It said Deng died at 9:08 p.m. China time (5:08 a.m. PST), and an announcement was issued to all Communist Party, government and military offices.

The news agency announced that President Jiang Zemin, who also is chief of the Communist Party, would head Deng’s funeral committee. The composition of the committee is significant in that it can identify who ultimately will assume the mantle of supreme leader.

The chain-smoking, bridge-playing Deng imported free-market reforms to Maoist China, a contradiction he disguised as “socialism with Chinese characteristics,” and produced the most dynamic economy in the communist world.

But he also left behind the enigma of a man who, despite lifelong battles to give Chinese socialism a more humane face, mobilized the army to smash a pro-democracy movement in the Tiananmen Square massacre on June 4, 1989.

It is unclear whether the sound of gunfire will forever echo louder than the applause for Deng’s “open door” policy, initiated in 1979, which converted Mao Tse-tung’s xenophobic and isolated China into an economic power.
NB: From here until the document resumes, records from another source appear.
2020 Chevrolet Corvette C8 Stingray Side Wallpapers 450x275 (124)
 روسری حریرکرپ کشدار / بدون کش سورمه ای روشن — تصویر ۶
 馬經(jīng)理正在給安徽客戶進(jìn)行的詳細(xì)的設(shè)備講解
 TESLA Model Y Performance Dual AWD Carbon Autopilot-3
It also led to consumerism and materialism and relegated communism to the role of a dogma to which the Chinese pay only lip service today.

After he retired from his last official post in 1990, the “patriarch,” as Deng was often called, remained the eminence grise behind the ruling Politburo. His comments remained edicts. His will prevailed, and his mere existence held China together, even though he was incapacitated in his last years.

Apologists for Deng argue that his calling out the troops on Tiananmen Square saved China from the sort of turmoil and chaos that brought about and then followed the collapse of the Soviet Union. While old ethnic rivalries, new-style power struggles and a post-communist mafia made foreign investors pause en route to Russia, China enjoyed political stability and became an irresistible magnet for Western capital.

But foreign dollars couldn’t buy democracy in China, and Deng rejected all notions of political reform, so convinced was he that his countrymen coveted commercial opportunities but not the right to vote.

Pragmatic, realistic and candid to the point of folly, he became the antidote to the idealistic but often impractical Mao. When Mao’s hare-brained economic schemes flopped, Deng was summoned to repair the damage. Mao was in the clouds, Deng on the ground.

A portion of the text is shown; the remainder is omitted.